Python Console Session

>>> from pathlib import Path
>>> from start_ocr.fetch import get_page_and_img
>>> page, im = get_page_and_img(Path().cwd() / "tests" / "data" / "lorem_ipsum.pdf", 0)
>>> contours = get_contours(im, (50,50))
>>> len(contours)
15
>>> contours = get_contours(im, (10,10))
>>> len(contours) in [222,223]
True

Parameters:

Name	Type	Description	Default
`im`	`ndarray`	The opencv formatted image	required
`rectangle_size`	`tuple[int, int]`	The width and height of the contours to make	required
`test_dilation`	`bool`	If `test_dilation` is `True`, a file will be created in the path represented in `test_dilated_image` to illustrate what the "diluted" image looks like.. Defaults to False.	`False`
`test_dilated_image`	`str \| None`	description.
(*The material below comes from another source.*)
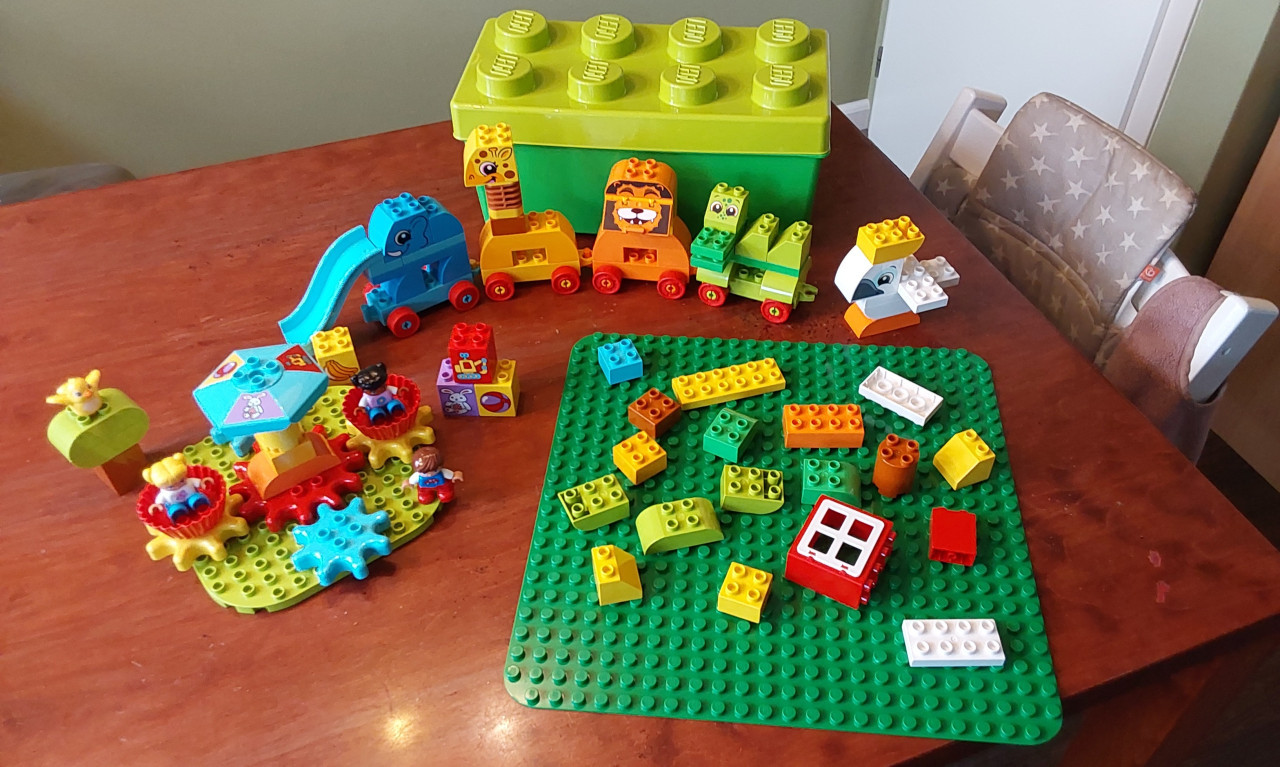 2 Sets van Lego Duplo met plaat+opbergdoos + extra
Defaults to "temp/dilated.png".	`'temp/dilated.png'`

Returns:

Name	Type	Description
`list`	`list`	The contours found based on the specified structuring element

Source code in src/start_ocr/slice.py

Python
def get_contours(
    im: np.ndarray,
    rectangle_size: tuple[int, int],
    test_dilation: bool = False,
    test_dilated_image: str | None = "temp/dilated.png",
) -> list:
    """Using tiny `rectangle_size` of the format `(width, height)`, create a dilated version
    of the image `im`. The contours found are outputed by this function.

    Examples:
        >>> from pathlib import Path
        >>> from start_ocr.fetch import get_page_and_img
        >>> page, im = get_page_and_img(Path().cwd() / "tests" / "data" / "lorem_ipsum.pdf", 0)
        >>> contours = get_contours(im, (50,50))
        >>> len(contours)
        15
        >>> contours = get_contours(im, (10,10))
        >>> len(contours) in [222,223]
        True

    Args:
        im (np.ndarray): The opencv formatted image
        rectangle_size (tuple[int, int]): The width and height of the contours to make
        test_dilation (bool, optional): If `test_dilation` is `True`, a file will be created in the path represented in `test_dilated_image` to illustrate what the "diluted" image looks like.. Defaults to False.
        test_dilated_image (str | None, optional): _description_. Defaults to "temp/dilated.png".

    Returns:
        list: The contours found based on the specified structuring element

    """  # noqa: E501
    gray = cv2.cvtColor(im, cv2.COLOR_BGR2GRAY)
    blur = cv2.GaussianBlur(gray, (7, 7), 0)
    thresh = cv2.threshold(blur, 0, 255, cv2.THRESH_BINARY_INV + cv2.THRESH_OTSU)[1]
    kernel = cv2.getStructuringElement(cv2.MORPH_RECT, rectangle_size)
    dilate = cv2.dilate(thresh, kernel, iterations=1)
    if test_dilation and test_dilated_image:
        cv2.imwrite(test_dilated_image, dilate)
    cnts = cv2.findContours(dilate, cv2.RETR_EXTERNAL, cv2.CHAIN_APPROX_SIMPLE)
    cnts = cnts[0] if len(cnts) == 2 else cnts[1]
    return sorted(cnts, key=lambda x: cv2.boundingRect(x)[1])

Filtering contours

Each contour can be filtered further to arrive at rectangles that meet the filter criteria:

flowchart TB
    c1[contour 1] --> f[filter]
    c2[contour 2] --> f
    c3[contour 3] --> f
    f --> c2x[filtered contour 1]

For instance, we can try looking for a long horizontal line matching some criteria:

If we imagine the page to be divided into 3 equal vertical slices, the line must start at the first slice and end in the third slice.
If we imagine the page width to be of X width, X/2 is simply half this width.

Let's say we want to look for a line that is greater than half the page width (2), positioned with edges along (1):

Filtering mechanism in practice
imgs = []
page, img = get_page_and_img(pdfpath=p, index=0)
contours = get_contours(img, (10, 10), test_dilation=True)
_, im_w, _ = img.shape
for cnt in contours:
    x, y, w, h = cv2.boundingRect(cnt)  # unpack each contour
    filtering_criteria = [
        w > im_w / 2,  # width greater than half
        x < im_w / 3,  # edge of line on first third vertical slice
        (x + w) > im_w * (2 / 3),  # edge of line on last third vertical slice
    ]
    if all(filtering_criteria):
        obj = CoordinatedImage(img, x, y, w, h)
        obj.greenbox()
        imgs.append(obj)
cv2.imwrite("temp/boxes.png", img)

The CoordinatedImage is a data structure to compute related values of x, y, w, and h.